JOHNS CREEK, Ga. — For years, the Macedonia African Methodist Church Cemetery has been used as a dumping ground for lawn debris and garbage.
Tucked behind homes in the St. Ives neighborhood and up a gravel drive off Medlock Bridge Road, many are unaware of its existence at all.
Kirk Canaday first learned of the cemetery in 2017 when residents were campaigning to fight construction of billboards in Johns Creek. He has been dedicated to the project ever since.
“It’s one of those things, something needs to be done, and it wasn’t being done,” Canaday said.
He is not alone in his efforts to preserve Macedonia after years of near neglect. He has allies in the Johns Creek Historical Society, Girl Scout troops, Student Leadership Johns Creek, volunteers and most recently, the City Council.
An ordinance, submitted by council members Stephanie Endres, Chris Coughlin and Erin Elwood, addresses defacement and tampering with the cemetery and includes maximum penalties of $1,000 or six months in jail.
Passed on June 21, the law will work in coordination with existing cemetery desecration laws in Georgia.
This is only the beginning of efforts to preserve Macedonia Cemetery and honor the people buried there, Canaday said. The city is in the process of buying the land from Fulton County, and until it’s finalized, historic landmark status and efforts to restore the area have been placed reluctantly on the back burner.
Canaday has been lobbying the City Council and city manager for years to add a line item in the budget for the cemetery to no avail, he said. This year, however, Councilwoman Endres plans to change that.

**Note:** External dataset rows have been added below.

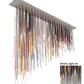 Meyda 144" Long Pae Kukuna Chandelier- 172710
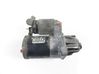 Starter motor M000T36071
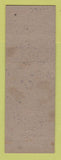 Matchbook Cover - Eagles Club Pottstown PA WEAR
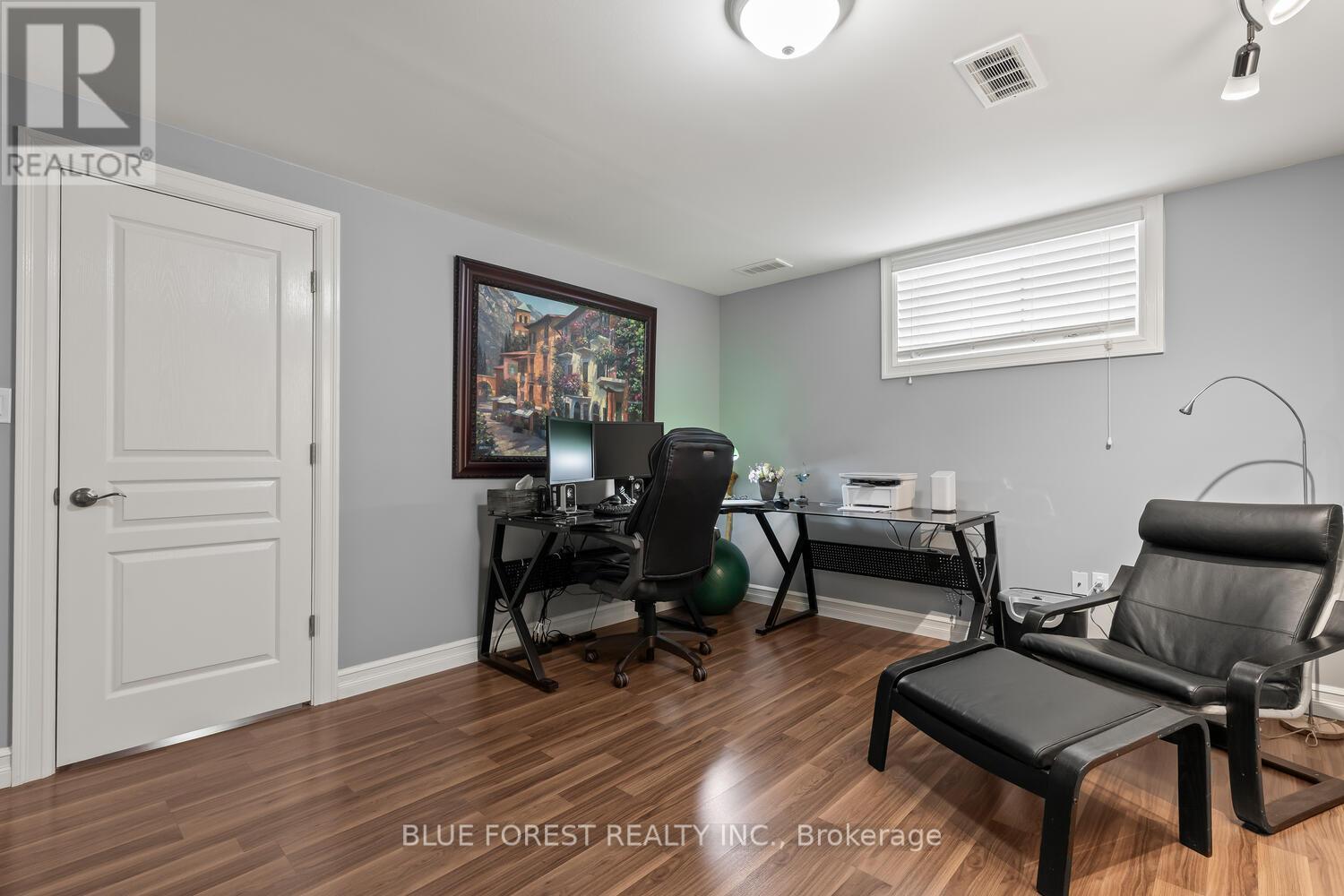 3383 Pioneer Parkway, London South, Ontario  N6P 0A8 - Photo 40 - X12718182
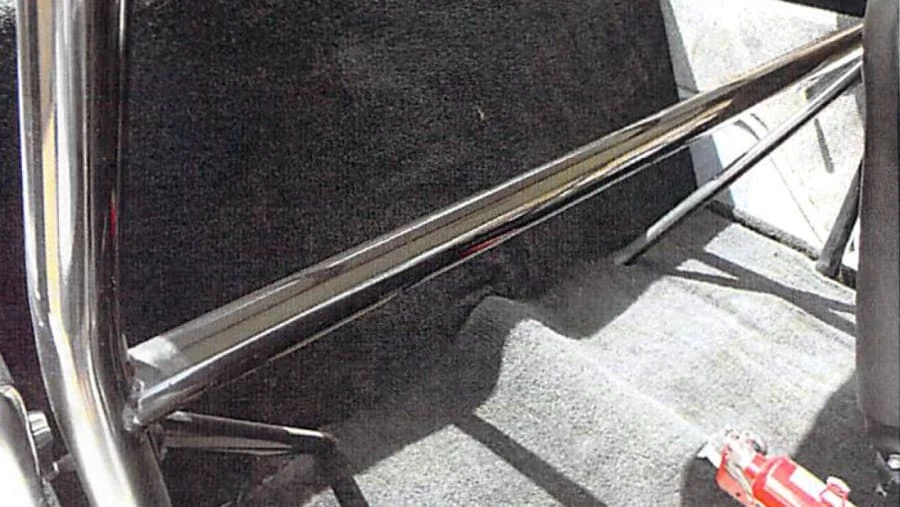 1964 Ford Falcon 2nd Gen - Image 21 of 28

Endres said that at the July 12 work session, she will propose allocating $100,000 of the budget to maintenance and preservation efforts based in part on estimates for necessary work submitted by Canaday.
First steps would include clearing the area of overgrowth and performing ground penetrating radar to get a clearer picture of the location and total number burial sites within the cemetery.
Many grave sites are unmarked or have had their headstones stolen. Estimates by New South Associates, which performed a survey on the land in 2016, said there could be as many as 114 graves in the cemetery with burial dates ranging from 1893 to 1988.
Several of the deceased are known to have been enslaved people, while others were descendants of slaves, some of whom were lynched, Canaday said.
Student Leadership Johns Creek has raised more than $3,000 to aid in restoration. Funds have been used to mend headstones and perform research, Canaday said.
A grant, awarded to Mercer University's Tiff College of Education in cooperation with SLJC and the Johns Creek Historical Society, will be used to develop four documentary films to tell the story of Macedonia, according to SLJC Executive Director Irene Sanders.
The projects intend to bring awareness and educate the public, but Canaday made sure to communicate with Sanders that this was not a “feel good” story.
The peoples buried in Macedonia were mistreated in both life and death, whether in the form of enslavement, lynching or desecration of their graves, Canaday said.
Despite its dreary history, Canaday said he remains hopeful that one day the site will be properly honored. He has plans to turn the cemetery into a beautiful memorial garden that pays homage to those buried and allows visitors to wander comfortably and learn the history. He also hopes to rebuild the church that anchored the cemetery.
Until then, Canaday will continue to lobby on behalf of the deceased and clear the land himself with a rake at least once a week.